→ **Exercise directions**:
Set down exactly the lines below, starting at the one that contains "Comment démarrer une garderie pour chiens" and ending at the one that contains "adorable show quality", with both of those lines included and nothing else.

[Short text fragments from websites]

Segment Open

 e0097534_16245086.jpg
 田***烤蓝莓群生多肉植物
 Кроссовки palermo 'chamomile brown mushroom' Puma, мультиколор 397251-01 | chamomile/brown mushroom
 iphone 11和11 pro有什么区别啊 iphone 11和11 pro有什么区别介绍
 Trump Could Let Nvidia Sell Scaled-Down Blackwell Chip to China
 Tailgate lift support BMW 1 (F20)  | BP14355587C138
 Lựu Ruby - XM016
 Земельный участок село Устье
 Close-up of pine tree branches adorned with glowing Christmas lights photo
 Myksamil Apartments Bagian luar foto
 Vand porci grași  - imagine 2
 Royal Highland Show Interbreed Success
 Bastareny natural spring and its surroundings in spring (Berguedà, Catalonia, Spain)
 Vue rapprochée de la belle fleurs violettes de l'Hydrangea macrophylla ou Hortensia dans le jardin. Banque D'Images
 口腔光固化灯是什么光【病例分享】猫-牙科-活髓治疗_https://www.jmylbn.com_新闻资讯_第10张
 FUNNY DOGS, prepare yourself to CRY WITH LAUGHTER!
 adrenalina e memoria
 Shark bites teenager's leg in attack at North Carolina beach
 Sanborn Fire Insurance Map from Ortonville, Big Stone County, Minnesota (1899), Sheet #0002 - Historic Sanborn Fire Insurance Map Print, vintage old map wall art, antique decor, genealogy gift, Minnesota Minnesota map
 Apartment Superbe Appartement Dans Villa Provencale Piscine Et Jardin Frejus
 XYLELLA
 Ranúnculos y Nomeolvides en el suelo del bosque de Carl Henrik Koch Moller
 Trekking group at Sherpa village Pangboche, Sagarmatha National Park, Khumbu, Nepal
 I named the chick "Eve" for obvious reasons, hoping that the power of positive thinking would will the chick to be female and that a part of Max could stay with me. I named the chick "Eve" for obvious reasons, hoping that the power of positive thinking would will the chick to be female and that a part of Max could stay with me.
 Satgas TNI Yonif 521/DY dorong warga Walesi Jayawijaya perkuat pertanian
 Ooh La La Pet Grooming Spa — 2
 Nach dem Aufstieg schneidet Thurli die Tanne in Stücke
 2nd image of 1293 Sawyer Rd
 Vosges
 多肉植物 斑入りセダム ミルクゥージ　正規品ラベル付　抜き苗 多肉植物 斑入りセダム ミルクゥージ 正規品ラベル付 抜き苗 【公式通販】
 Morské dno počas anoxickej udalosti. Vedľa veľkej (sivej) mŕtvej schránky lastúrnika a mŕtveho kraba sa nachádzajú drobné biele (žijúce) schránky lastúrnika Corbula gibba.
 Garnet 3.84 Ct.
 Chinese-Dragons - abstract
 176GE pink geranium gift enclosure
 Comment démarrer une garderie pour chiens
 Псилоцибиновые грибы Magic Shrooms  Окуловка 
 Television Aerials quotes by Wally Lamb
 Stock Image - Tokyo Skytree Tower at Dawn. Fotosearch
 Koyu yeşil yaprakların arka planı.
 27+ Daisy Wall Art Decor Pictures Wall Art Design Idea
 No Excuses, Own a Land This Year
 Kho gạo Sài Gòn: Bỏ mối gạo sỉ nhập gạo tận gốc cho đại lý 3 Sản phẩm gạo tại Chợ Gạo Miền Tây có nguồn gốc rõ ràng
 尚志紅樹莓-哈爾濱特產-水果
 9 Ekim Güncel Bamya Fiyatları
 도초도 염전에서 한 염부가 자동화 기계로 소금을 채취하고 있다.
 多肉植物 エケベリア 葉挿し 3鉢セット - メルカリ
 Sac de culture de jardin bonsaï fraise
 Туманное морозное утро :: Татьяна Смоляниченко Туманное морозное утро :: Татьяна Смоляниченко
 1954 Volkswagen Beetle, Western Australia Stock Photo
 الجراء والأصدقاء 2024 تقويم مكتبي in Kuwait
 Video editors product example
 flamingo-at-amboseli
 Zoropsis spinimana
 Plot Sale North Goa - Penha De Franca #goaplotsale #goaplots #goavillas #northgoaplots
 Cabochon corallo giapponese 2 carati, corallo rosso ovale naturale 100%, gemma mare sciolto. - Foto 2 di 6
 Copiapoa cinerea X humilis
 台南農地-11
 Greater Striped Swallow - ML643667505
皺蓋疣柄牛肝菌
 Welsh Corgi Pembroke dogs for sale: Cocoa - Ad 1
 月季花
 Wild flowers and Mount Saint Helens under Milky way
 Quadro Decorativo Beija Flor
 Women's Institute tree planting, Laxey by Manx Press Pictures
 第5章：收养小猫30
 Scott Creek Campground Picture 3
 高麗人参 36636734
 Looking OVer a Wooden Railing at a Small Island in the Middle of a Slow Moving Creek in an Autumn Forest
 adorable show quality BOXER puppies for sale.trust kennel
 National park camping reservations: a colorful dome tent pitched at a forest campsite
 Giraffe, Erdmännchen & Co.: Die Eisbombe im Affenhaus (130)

Segment Closed

→ **Answer box**:
 Comment démarrer une garderie pour chiens
 Псилоцибиновые грибы Magic Shrooms  Окуловка 
 Television Aerials quotes by Wally Lamb
 Stock Image - Tokyo Skytree Tower at Dawn. Fotosearch
 Koyu yeşil yaprakların arka planı.
 27+ Daisy Wall Art Decor Pictures Wall Art Design Idea
 No Excuses, Own a Land This Year
 Kho gạo Sài Gòn: Bỏ mối gạo sỉ nhập gạo tận gốc cho đại lý 3 Sản phẩm gạo tại Chợ Gạo Miền Tây có nguồn gốc rõ ràng
 尚志紅樹莓-哈爾濱特產-水果
 9 Ekim Güncel Bamya Fiyatları
 도초도 염전에서 한 염부가 자동화 기계로 소금을 채취하고 있다.
 多肉植物 エケベリア 葉挿し 3鉢セット - メルカリ
 Sac de culture de jardin bonsaï fraise
 Туманное морозное утро :: Татьяна Смоляниченко Туманное морозное утро :: Татьяна Смоляниченко
 1954 Volkswagen Beetle, Western Australia Stock Photo
 الجراء والأصدقاء 2024 تقويم مكتبي in Kuwait
 Video editors product example
 flamingo-at-amboseli
 Zoropsis spinimana
 Plot Sale North Goa - Penha De Franca #goaplotsale #goaplots #goavillas #northgoaplots
 Cabochon corallo giapponese 2 carati, corallo rosso ovale naturale 100%, gemma mare sciolto. - Foto 2 di 6
 Copiapoa cinerea X humilis
 台南農地-11
 Greater Striped Swallow - ML643667505
皺蓋疣柄牛肝菌
 Welsh Corgi Pembroke dogs for sale: Cocoa - Ad 1
 月季花
 Wild flowers and Mount Saint Helens under Milky way
 Quadro Decorativo Beija Flor
 Women's Institute tree planting, Laxey by Manx Press Pictures
 第5章：收养小猫30
 Scott Creek Campground Picture 3
 高麗人参 36636734
 Looking OVer a Wooden Railing at a Small Island in the Middle of a Slow Moving Creek in an Autumn Forest
 adorable show quality BOXER puppies for sale.trust kennel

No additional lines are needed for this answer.